- Task description -
Pictures are to be excluded. Please print only the lines from the one containing "Buy_Mint N Oranges_Blue" through the end of the data, exactly as they appear.

- Records for the exercise -

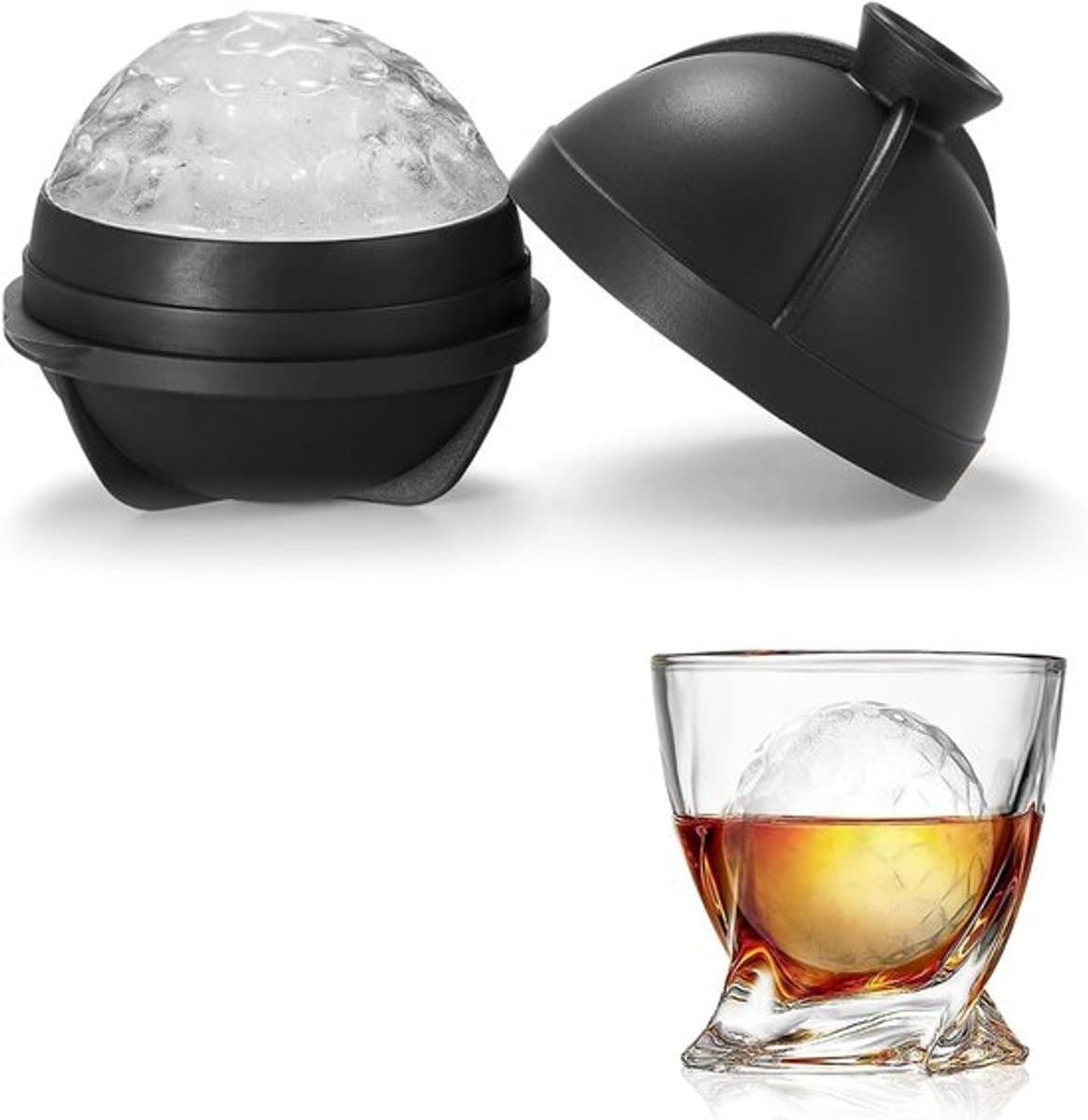 Siliconen IJsbalmaker Vorm - Herbruikbare IJsblokjesvormen 6,5 cm - Grote golfvormige loslaat - Whisky, cocktails en Bourbon - Voedingsveilig en BPA-vrij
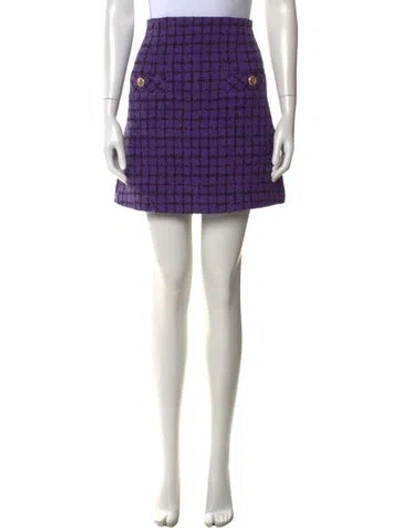 Pre-owned Sandro Plaid Print Mini Skirt In Purple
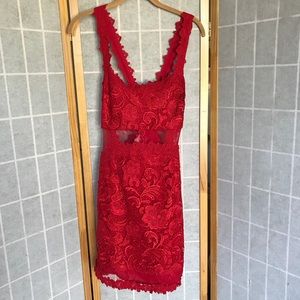 Venus sheer midriff lace dress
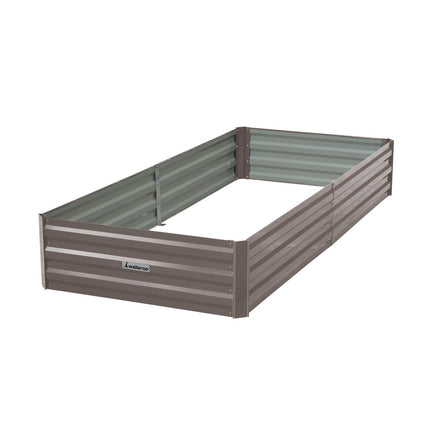 Wallaroo Garden Bed 210 x 90 x 30cm Galvanized Steel - Grey - ElectronX Plus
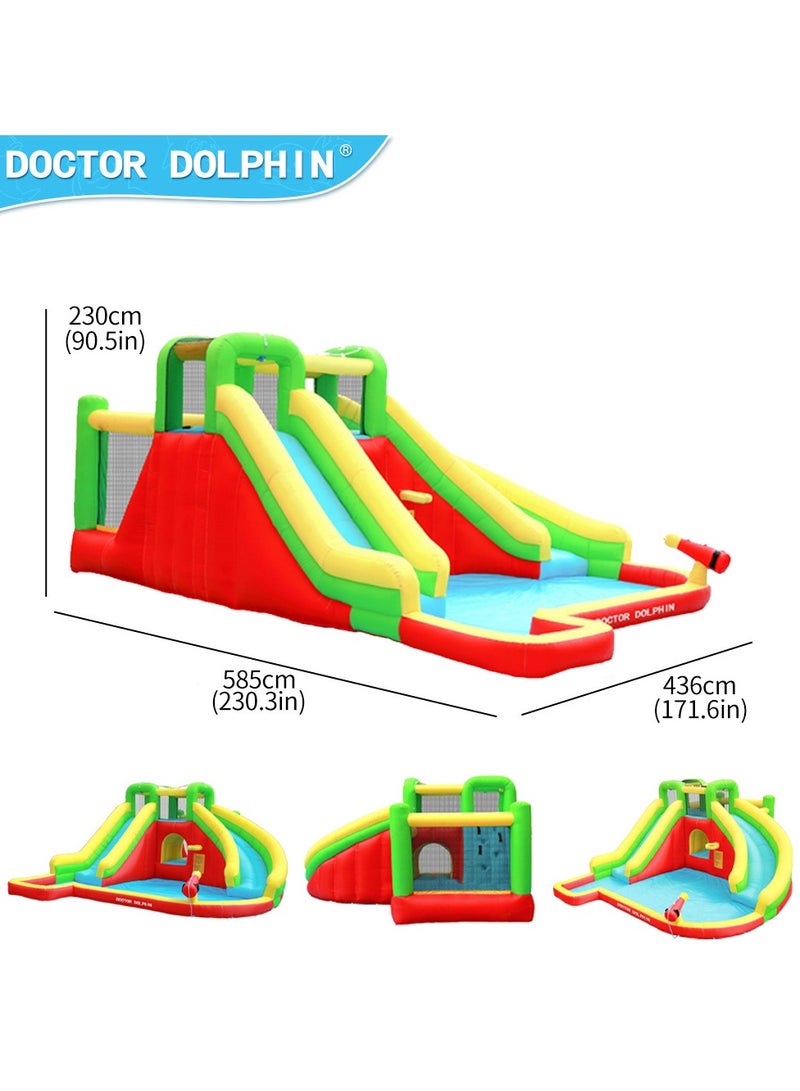 Doctor Dolphin Inflatable Bounce House with Slides and Water Blower 73018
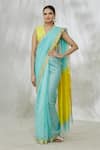 Buy_Mint N Oranges_Blue Handwoven Pure Chanderi Plain Saree With Unstitched Blouse Fabric _at_Aza_Fashions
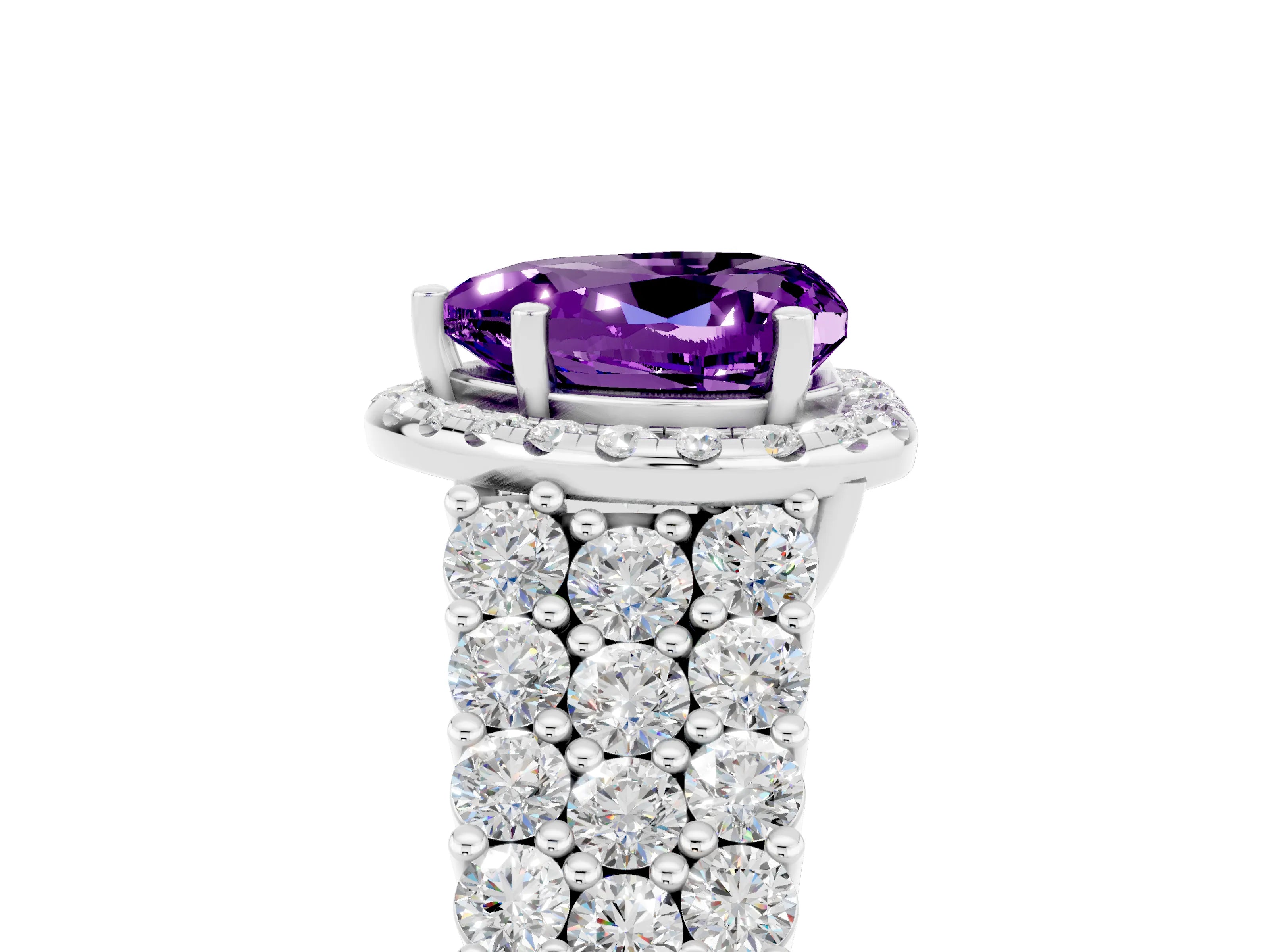 White gold Heart Cut Halo Pavé Diamond Engagement Ring with Split Shank and Four-Prong Setting_5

- Answer area -
 Buy_Mint N Oranges_Blue Handwoven Pure Chanderi Plain Saree With Unstitched Blouse Fabric _at_Aza_Fashions
 White gold Heart Cut Halo Pavé Diamond Engagement Ring with Split Shank and Four-Prong Setting_5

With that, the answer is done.